Compared with his overall job performance, approval of his response to Charlottesville is 18 points lower among Republicans and 13 points lower among conservatives.

Only about one-third of Americans reject the suggestion that Trump has been equating neo-Nazis and white supremacists with those who oppose them. That said, there’s division and uncertainty on the question: Forty-two percent say he’s been doing this, while 35 percent think not and 23 percent have no opinion.

In pondering whether Republicans disapprove because Trump was too soft on the alt-right or too hard, consider this … interesting data:

There’s far more agreement on whether it’s acceptable or unacceptable to hold neo-Nazi or white supremacist views. Across groups, 4 to 17 percent call this acceptable, with the largest numbers among men, Republicans and strong conservatives, all 13 percent; young adults, 14 percent; and those who strongly approve of the president’s work in office, 17 percent.

An additional 13 percent of strong Trump supporters have no opinion on whether it’s acceptable or not.
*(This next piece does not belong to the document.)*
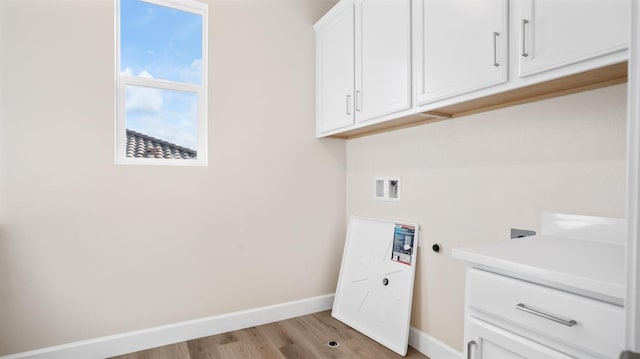 laundry area with light wood-type flooring, baseboards, cabinet space, and washer hookup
That leaves 70 percent of his strong supporters who call neo-Nazi or white supremacist views unacceptable, compared with 92 percent of his strong opponents.

Among people who say they strongly support Trump fully 30 percent believe it’s either acceptable to hold white supremacist views or have no opinion. If you want to believe that Republicans are mad at Trump for putting too much blame on the alt-right rather than not enough, that’s your best evidence. But that argument runs up against the fact that prominent alt-righters and white supremacists were themselves cheered by Trump’s equivocation last week. David Duke congratulated him for his remarks, as did Richard Spencer, and the Daily Stormer crowed about Trump’s “many sides” rhetoric. If they don’t think Trump went too far in blaming the right, odds are other Republicans don’t either.

Whatever the truth, despite the obsessive media coverage, Charlottesville doesn’t seem to have hurt Trump’s bottom line — by and large. He was at 36 percent job approval in July and he’s at 37 percent now, per ABC/WaPo. The one key difference is in the share of Republicans who say they “strongly” support him. That stands at 80 percent now; a month ago it was 10 points higher. Whether that’s Charlottesville fallout at work or, more likely, a broader reaction to the chaos of the past month, only hardcore Trumpers know.